Collected data:
..........
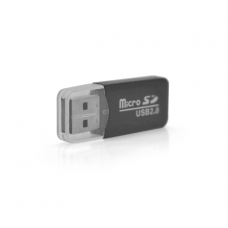 Кардридер внешний USB2.0 MERLION CRD-1BK TF/MicroSD, Black (CRD-1BK) 01032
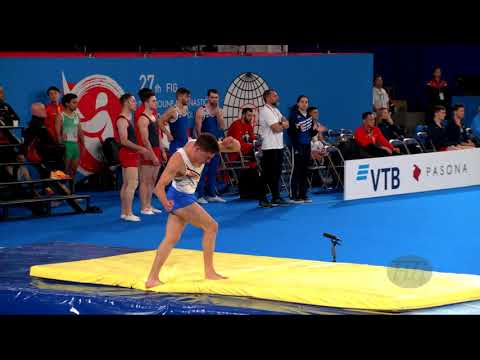 AZIAR Redouane (FRA) M - 2019 Trampoline Worlds, Tokyo (JPN) - Qualification Tumbling R2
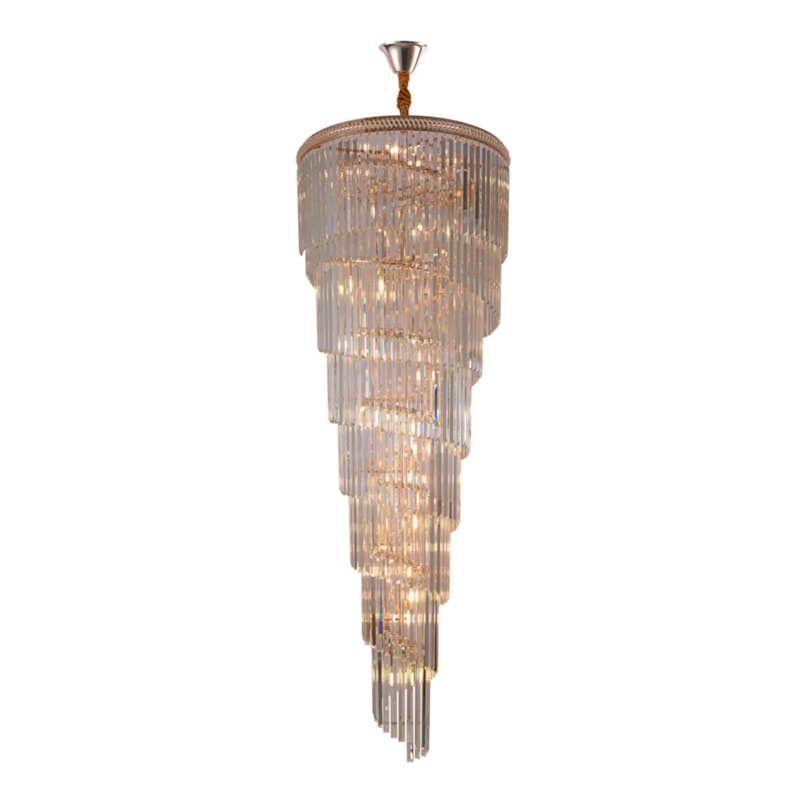 Lustre Dourado Com Cristal Transparente 70CM 25x14 Nitrolux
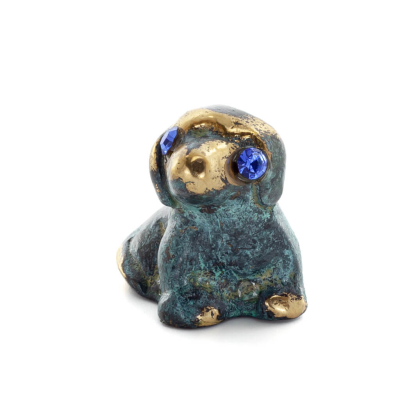 Hund 4x4cm Helkroppsstaty Bronsdekoration, miniatyr Brons 1 - grifon.se 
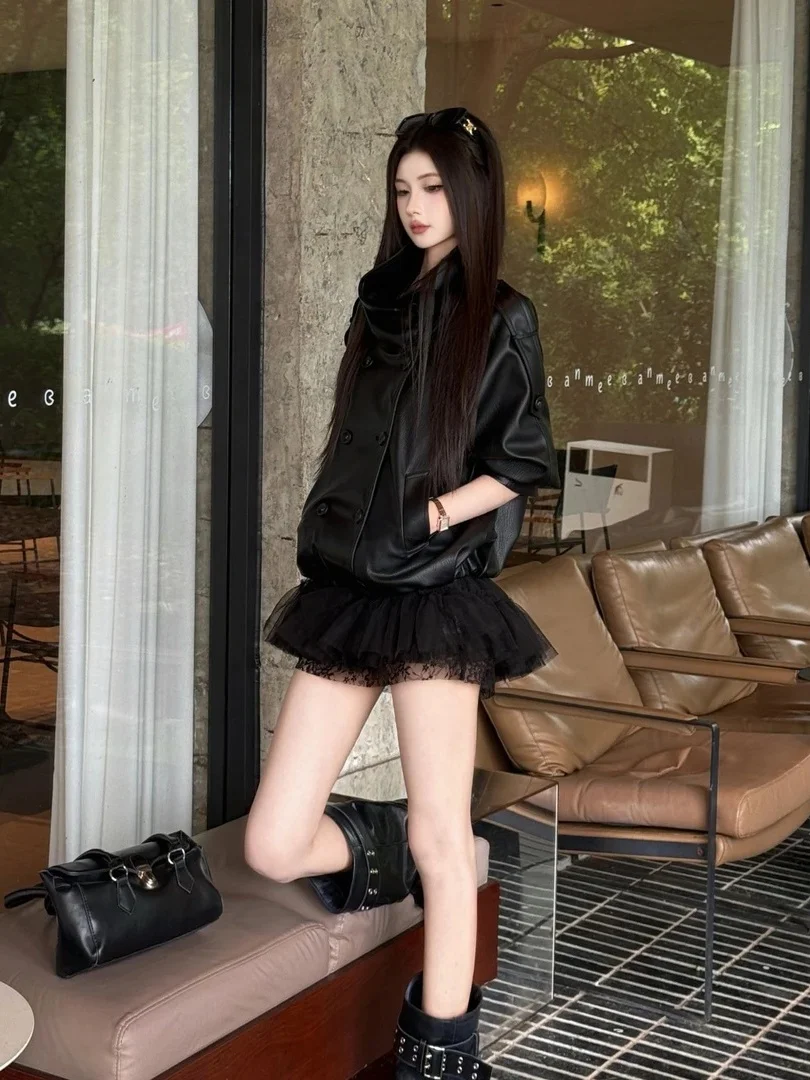 plus Size Women's Vintage Korean Style Short Leather Jacket Slimming Waistcoat Autumn New Fashion Flip Collar Buxom Top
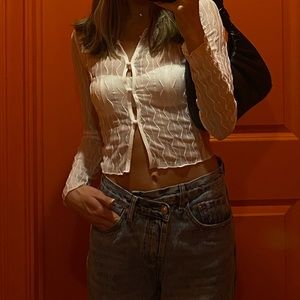 ‼️‼️SOLD‼️‼️SHEER PRINCESS POLLY LONG SLEEVE 🤍🤍🤍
..........
_Goal of the exercise_
The records above are to be repeated word for word, with the pictures omitted.

_Solution_
 Кардридер внешний USB2.0 MERLION CRD-1BK TF/MicroSD, Black (CRD-1BK) 01032
 AZIAR Redouane (FRA) M - 2019 Trampoline Worlds, Tokyo (JPN) - Qualification Tumbling R2
 Lustre Dourado Com Cristal Transparente 70CM 25x14 Nitrolux
 Hund 4x4cm Helkroppsstaty Bronsdekoration, miniatyr Brons 1 - grifon.se 
 plus Size Women's Vintage Korean Style Short Leather Jacket Slimming Waistcoat Autumn New Fashion Flip Collar Buxom Top
 ‼️‼️SOLD‼️‼️SHEER PRINCESS POLLY LONG SLEEVE 🤍🤍🤍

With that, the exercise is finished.